Perhaps surprisingly, Grantham is a fan of one of SpaceX's core businesses. But it's clear why he's bearish on the stock in general.

NASA space shuttle launching from pad.

Image source: Getty Images.

Here's why Grantham is so bearish on SpaceX stock

Grantham isn't bearish on SpaceX as a business. He is, for example, a big fan of SpaceX's Starlink internet service. Starlink is currently SpaceX's only profitable business, with impressive revenue growth rates and gross margins. But most of SpaceX's valuation is tied up in other speculative ventures, not just Starlink.

"Great idea, by the way," Grantham stresses in the podcast interview, speaking about Starlink. "Makes money. But this is not Starlink. Maybe I'd be an investor too, if it were Starlink."

Grantham doesn't see most of SpaceX's growth initiatives paying off in the long term. And because the stock price is mostly tied to those initiatives, buying SpaceX stock would force Grantham to invest in a bunch of growth efforts he ultimately doesn't believe in.

To realize its full potential -- which includes capital-intensive efforts such as launching data centers into space, establishing a permanent human colony on the moon, and scaling AI data centers with massive infrastructure investments -- SpaceX will need a ton of cash. It will also need continued investor optimism when it inevitably stumbles.

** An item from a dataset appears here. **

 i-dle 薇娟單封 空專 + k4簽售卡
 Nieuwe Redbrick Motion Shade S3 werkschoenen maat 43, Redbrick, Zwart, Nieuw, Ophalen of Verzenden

In the past, Grantham argues that Elon Musk has benefited from tremendous luck, timing capital raises during fortuitous bull market runs. Musk's marketing appeal during these periods enabled him to raise large amounts of capital for speculative ventures with otherwise poor risk-to-reward dynamics. This strategy paid off for Tesla (NASDAQ: TSLA). But Grantham isn't convinced it will happen the same way again for SpaceX.

"The scale of SpaceX requires him to do the same again," Grantham stresses. "And the timing of the market cycle, the timing of confidence, would have to be the same."

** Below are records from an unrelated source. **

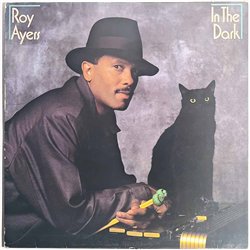 Ayers Roy LP In the dark  kansi VG+ levy EX Käytetty LP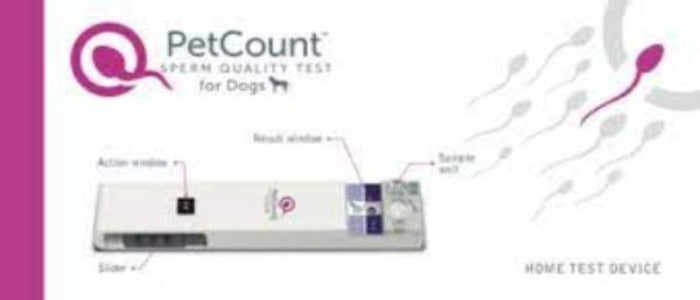 PetCount Sperm Quality Test for Dogs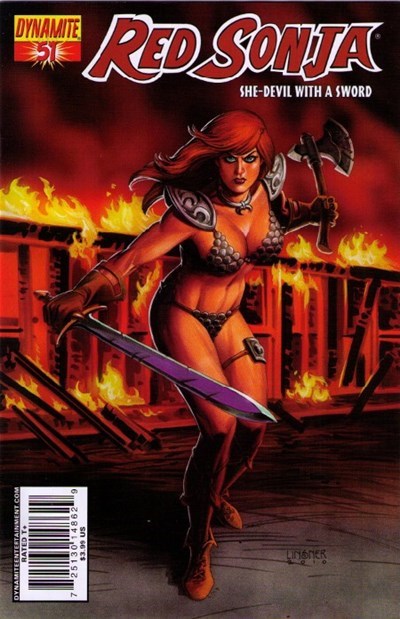 RED SONJA #51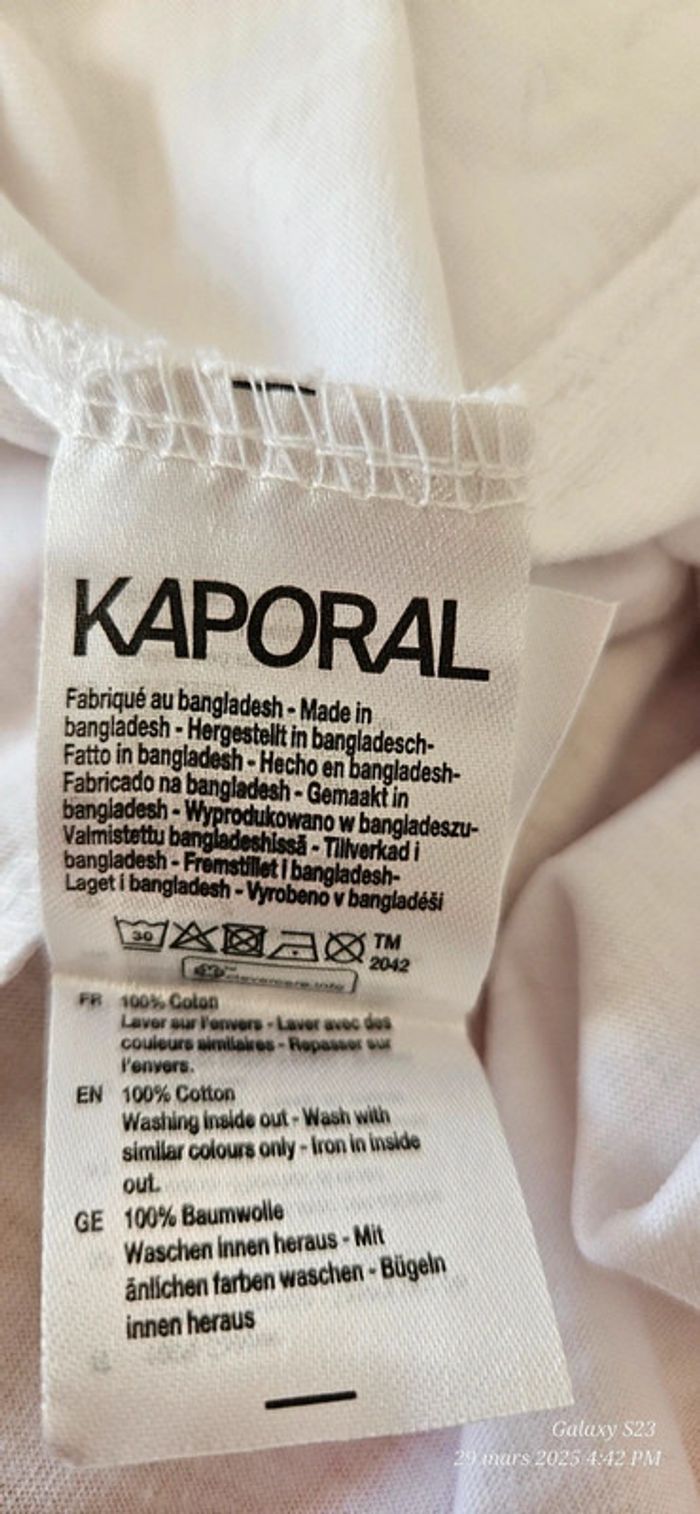 Débardeur kaporal 12A - photo numéro 5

Grantham seems to be admitting that, at least in theory, Musk could justify SpaceX's exorbitant market cap by raising capital at steep valuations, pouring that capital into speculative but high upside growth ventures, and realizing success with one or more of those ventures. As Grantham points out, Tesla has been able to execute a similar strategy in the past thanks to Musk's marketing skills.

But much of Tesla's success occurred during strong bull market stretches. Thus far, SpaceX has enjoyed similar conditions.

What happens in a less-beneficial market situation?

Let's assume for argument, however, that a bear market occurs over the next 12 to 24 months. Perhaps the market is no longer willing to grant SpaceX a lofty "Musk" premium. Shares could slide from $160 all the way to $63 -- the price point Morningstar analysts believe is the true intrinsic value of the stock. The would cut SpaceX's market cap well below the $1 trillion mark, dramatically reducing its ability to raise additional capital at attractive valuations.

Keep in mind that SpaceX remains unprofitable. Last year, the company lost nearly $5 billion. With elevated spending, losses seem to be accelerating over the short term. In the first quarter of 2026, SpaceX posted a net loss of $4.3 billion -- nearly as much as it lost over the entirety of 2025.

Put simply, SpaceX will need to continually raise capital to survive and grow, potentially for years to come. Goldman Sachs (NYSE: GS), for example, predicts SpaceX will generate a negative free cash flow of $105 billion in 2029.

This gets to the crux of Grantham's argument. If market conditions change -- as they reliable have countless times throughout history -- the SpaceX investment narrative suddenly becomes a lot more unpredictable. The company's moonshot growth opportunities, in other words, become much more difficult and costly to achieve in a bear market.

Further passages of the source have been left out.